No dia 24 de junho de 2010, a polícia recebeu denúncias anônimas de que Eliza havia sido espancada por Bruno e dois amigos dele até a morte no sítio de propriedade do jogador, localizado em Esmeraldas, na Grande Belo Horizonte. Na noite do dia 25 de junho, a polícia foi ao local e recebeu a informação de que o bebê apontado como filho do atleta, de 4 meses, estava lá. A atual mulher do goleiro, Dayanne Rodrigues do Carmo Souza, negou a presença da criança na propriedade. No entanto, durante depoimento, um dos amigos de Bruno afirmou que havia entregado o menino na casa de uma adolescente no bairro Liberdade, em Ribeirão das Neves, onde foi encontrado.

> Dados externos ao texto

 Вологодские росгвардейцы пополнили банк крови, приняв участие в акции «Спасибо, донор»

Enquanto a polícia fazia buscas ao corpo de Eliza seguindo denúncias anônimas, em entrevista a uma rádio no dia 6 de julho, um motorista de ônibus disse que seu sobrinho participou do crime e contou em detalhes como Eliza foi assassinada. O menor citado pelo motorista foi apreendido na casa de Bruno no Rio. Ele é primo do goleiro e, em dois depoimentos, admitiu participação no crime. Segundo a polícia, o jovem de 17 anos relatou que a ex-amante de Bruno foi levada do Rio para Minas, mantida em cativeiro e executada pelo ex-policial civil Marcos Aparecido dos Santos, conhecido como Bola ou Neném, que a estrangulou e esquartejou seu corpo. Ainda segundo o relato, o ex-policial jogou os restos mortais para seus cães.

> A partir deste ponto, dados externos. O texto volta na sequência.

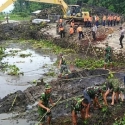 Prajurit Kostrad Ikut Bersihkan Danau Rawa Pening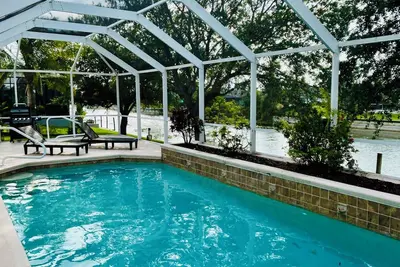 Image de Sunset view Waterfront Villa with Pool & Spa. Family & Pet-Friendly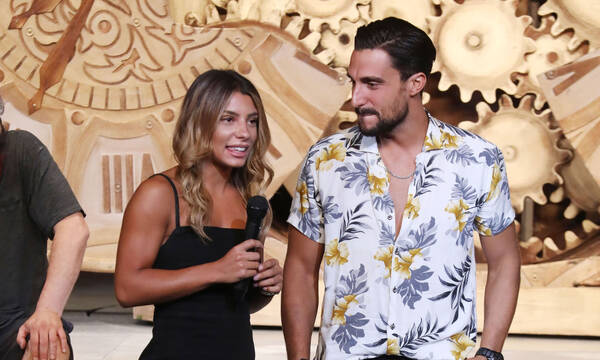 Γενέθλια για την Μαριαλένα Ρουμελιώτη- Η έκπληξη του Σάκη στη μέση της Εθνικής Οδού και η ανακοίνωση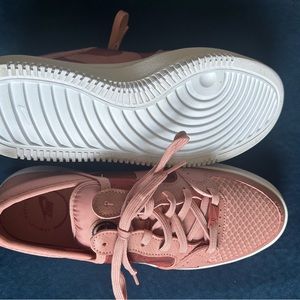 Women’s court vision Alta sneaker 9 1/2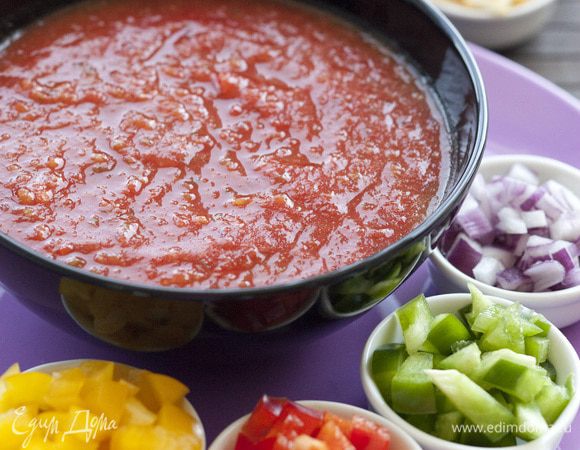 Оставшиеся овощи и яйца разложить в небольшие мисочки и подавать к супу в качестве «присыпок».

No dia seguinte, a mulher de Bruno foi presa. Após serem considerados foragidos, o goleiro e seu amigo Luiz Henrique Romão, o Macarrão, acusado de participar do crime, se entregaram à polícia. Pouco depois, Flávio Caetano de Araújo, Wemerson Marques de Souza, o Coxinha Elenilson Vitor da Silva e Sérgio Rosa Sales, outro primo de Bruno, também foram presos por envolvimento no crime. Todos negam participação e se recusaram a prestar depoimento à polícia, decidindo falar apenas em juízo.
No dia 30 de julho, a Polícia de Minas Gerais indiciou todos pelo sequestro e morte de Eliza, sendo que Bruno responderá como mandante e executor do crime. Além dos oito que foram presos inicialmente, a investigação apontou a participação de uma namorada do goleiro, Fernanda Gomes Castro, que também foi indiciada e detida. O Ministério Público concordou com o relatório policial e ofereceu denúncia à Justiça, que aceitou e tornou réus todos os envolvidos. O jovem de 17 anos, embora tenha negado em depoimentos posteriores ter visto a morte de Eliza, foi condenado no dia 9 de agosto pela participação no crime e cumprirá medida socioeducativa de internação por prazo indeterminado.

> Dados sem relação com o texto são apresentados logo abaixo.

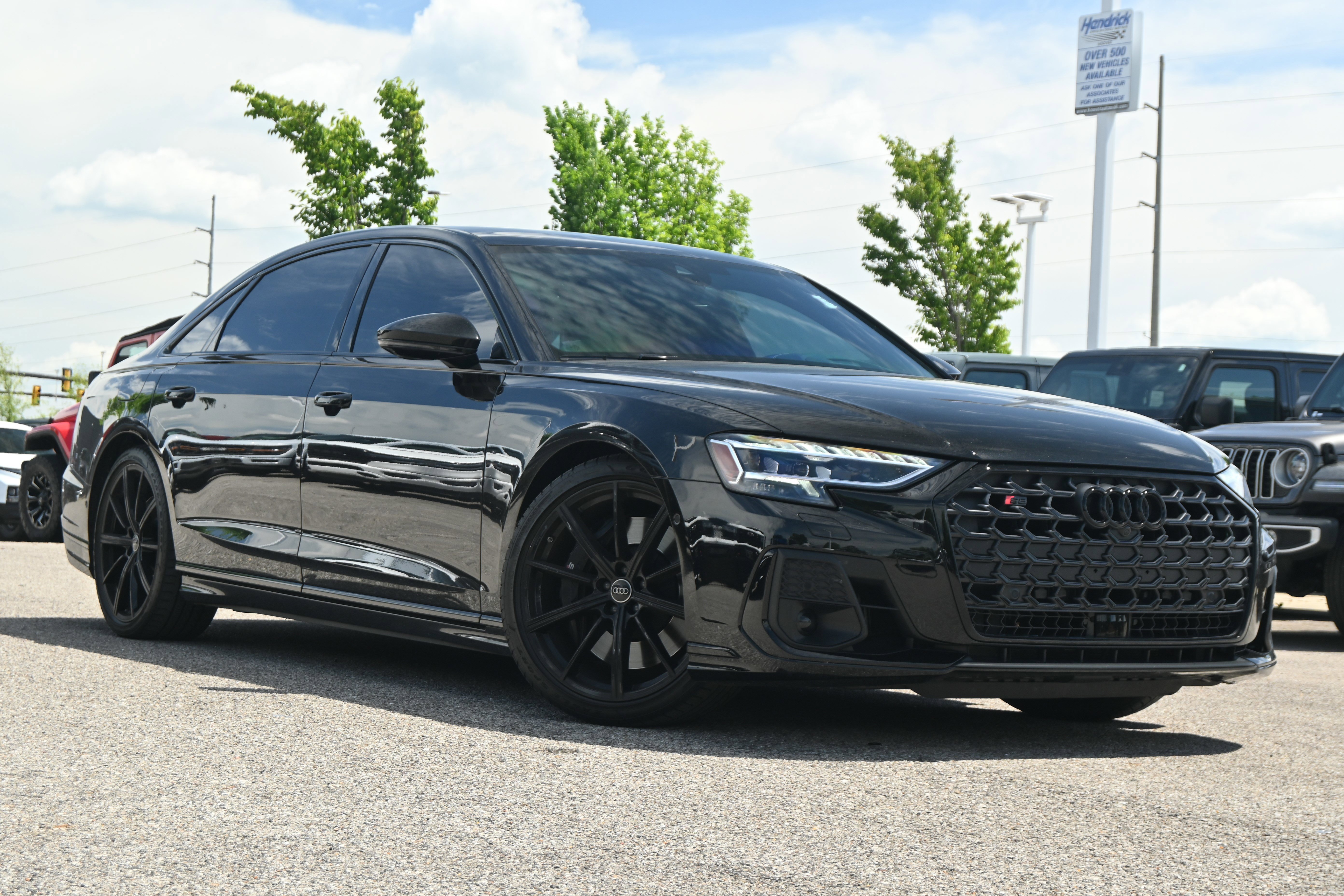 audi s8 2024 WAULSAF83RN009301 image audi s8 2024 WAULSAF83RN009301 image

No início de dezembro, Bruno e Macarrão foram condenados pelo sequestro e agressão a Eliza, em outubro de 2009, pela Justiça do Rio. O goleiro pegou quatro anos e seis meses de prisão por cárcere privado, lesão corporal e constrangimento ilegal, e seu amigo, três anos de reclusão por cárcere privado. Em 17 de dezembro, a Justiça mineira decidiu que Bruno, Macarrão, Sérgio e Bola vão a júri popular por homicídio triplamente qualificado, sendo que o último responderá também por ocultação de cadáver. Dayanne, Fernanda, Elenilson e Wemerson também irão a júri popular, mas por sequestro e cárcere privado. Além disso, a juíza decidiu pela revogação da prisão preventiva dos quatro. Flávio, que já havia sido libertado após ser excluído do pedido de MP para levar os réus a júri popular, foi absolvido. Além disso, nenhum deles responderá pelo crime de corrupção de menores.